The couple, who said they will be adopting a “revised media approach” from the spring, criticised Britain’s royal correspondents and said they would no longer participate in the “royal rota” system which has been used by Buckingham Palace for decades.
Harry referenced the media again during a speech at a private event for his charity Sentebale on Sunday night, where he said: “I was born into this life, and it is a great honour to serve my country and the Queen.
“When I lost my mum 23 years ago, you took me under your wing.
“You’ve looked out for me for so long, but the media is a powerful force, and my hope is one day our collective support for each other can be more powerful because this is so much bigger than just us.
“It has been our privilege to serve you, and we will continue to lead a life of service.”
Harry has had a complicated and difficult relationship with the press through the years.
His dislike of the media has seemingly intensified since the birth of son Archie Mountbatten-Windsor last year.
Harry grew up fully aware of the impact of the media intrusion on the daily life of his mother Diana, Princess of Wales.
He was only 12 when the princess was killed in a crash after her car, driven at speed by a drunk chauffeur, was chased through the streets of Paris by the paparazzi.
Soon after he began dating Meghan, Harry attacked the media over its “abuse and harassment” of his girlfriend, with Kensington Palace warning on his behalf: “This is not a game – it is her life.”
In October 2019, the Sussexes overshadowed the end of their official tour to Africa by each bringing separate legal actions against parts of the press, with Meghan suing the Mail On Sunday over an alleged breach of privacy when it published a private letter between her and her estranged father.
The Mail On Sunday said it stands by its story and will be defending the case vigorously.
Harry later filed his own proceedings at the High Court against News Group Newspapers, which owns The Sun and the now defunct News Of The World, and Reach plc, which owns the Daily Mirror, in relation to the alleged illegal interception of voicemail messages.

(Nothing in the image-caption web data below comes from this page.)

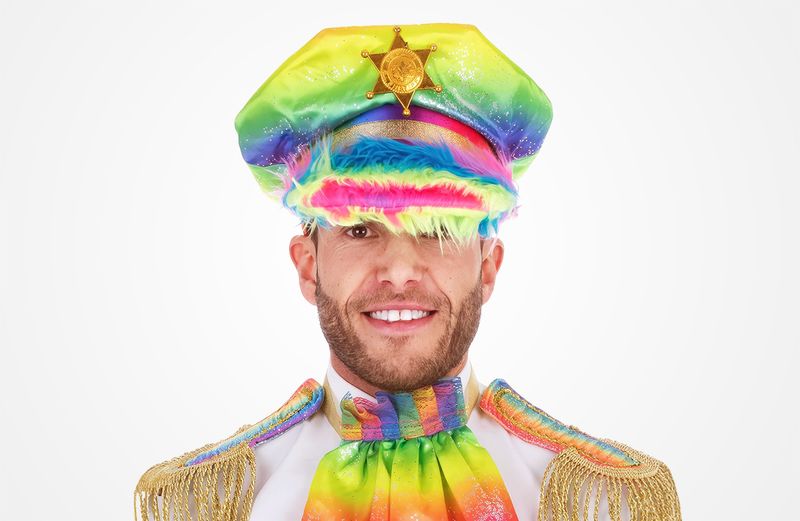 Pride-hattar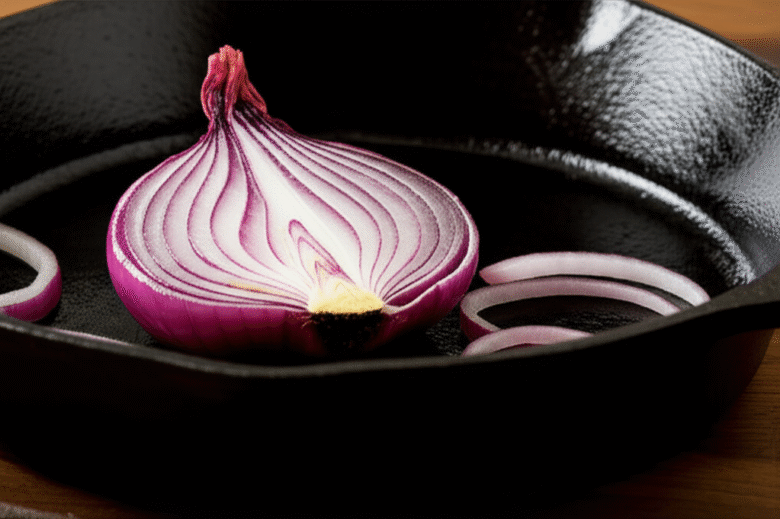 Cebola Caramelizada: Receita Simples e Deliciosa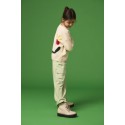 KIDS ONLY Andrea Loose Strik - Birch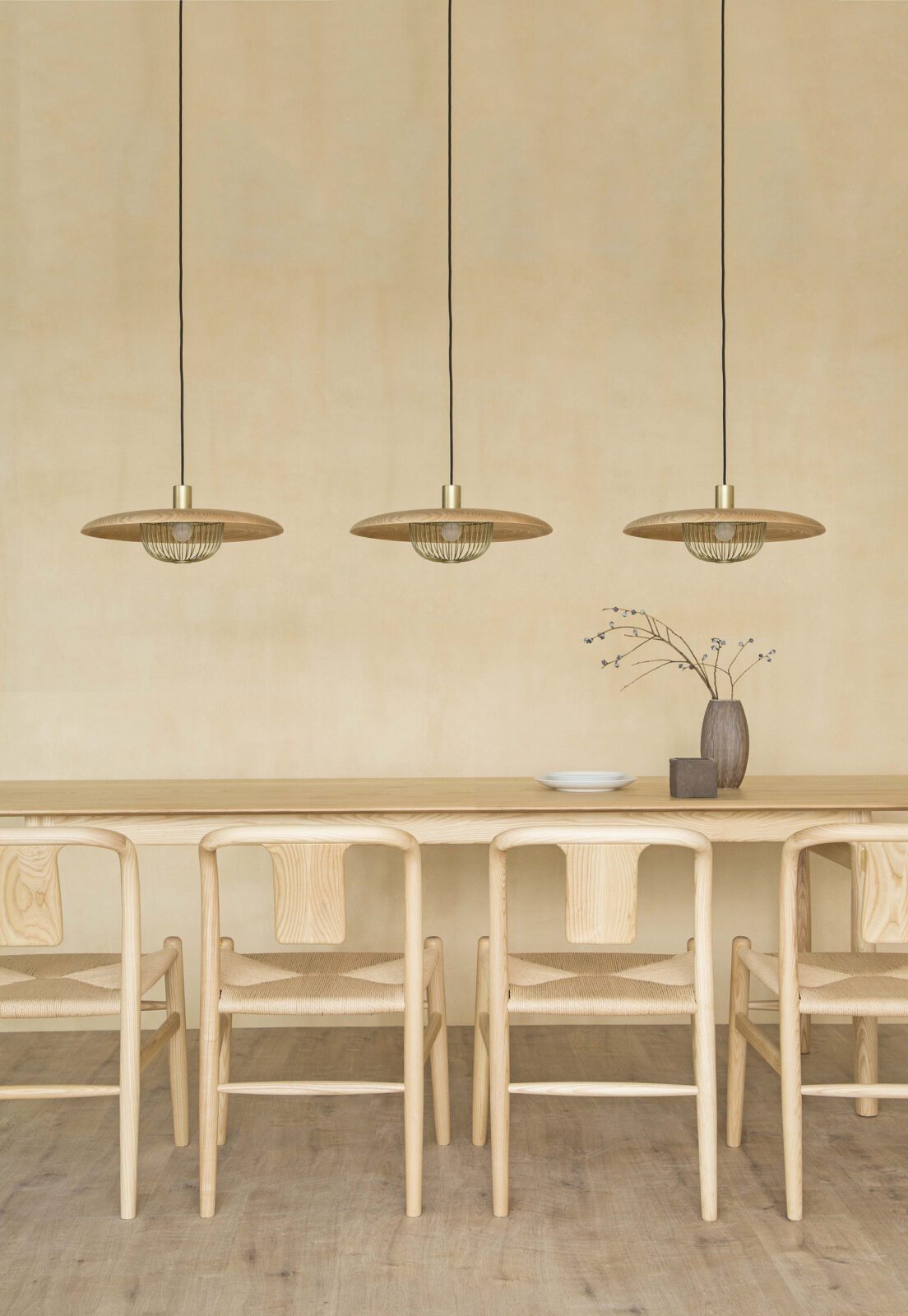 Kasa Hanging Ceiling Light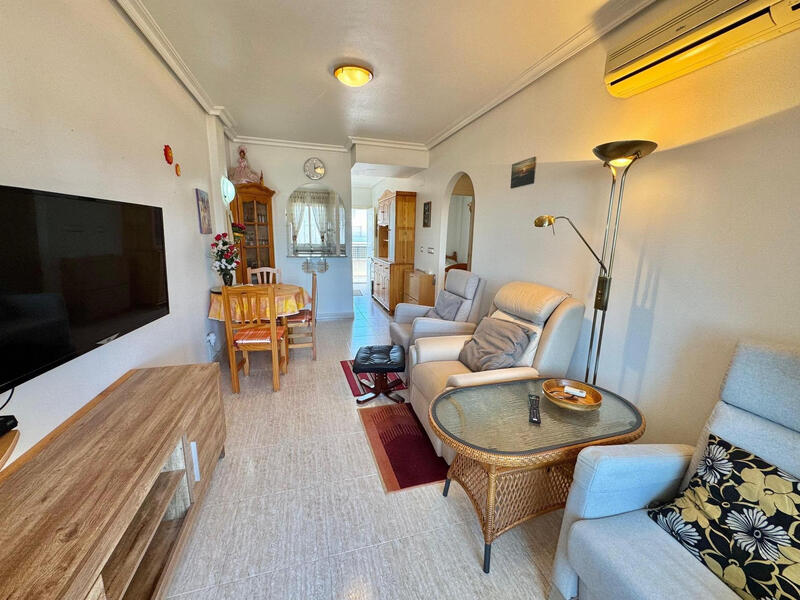 2 Cuarto Apartamento en venta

Along with the legal action, Harry released a scathing attack on the tabloid press, in which he heavily criticised certain sections of the media for conducting what he called a “ruthless campaign” against his wife.
In the ITV television documentary following the tour, Harry said he was determined to protect his family.
Meghan admitted to feeling vulnerable, and spoke of the pressures of royal life amid intense tabloid interest.
“When I first met my now-husband my friends were really happy because I was so happy, but my British friends said to me, ‘I’m sure he’s great but you shouldn’t do it because the British tabloids will destroy your life’,” she said.
She added: “I think I really tried to adopt this British sensibility of a stiff upper lip.
“I tried, I really tried, but I think what that does internally is probably really damaging, and the biggest thing that I know is that I never thought this would be easy but I thought it would be fair, and that is the part that is hard to reconcile but (I) just take each day as it comes.”
On their website, the Sussexes said their new media approach would involve focusing on social media, “credible outlets”, specialist media, grassroots media organisations and young, up-and-coming journalists.
The website said it was a misconception that Britain’s royal correspondents were credible sources on the royal family, and accused them of frequent misreporting.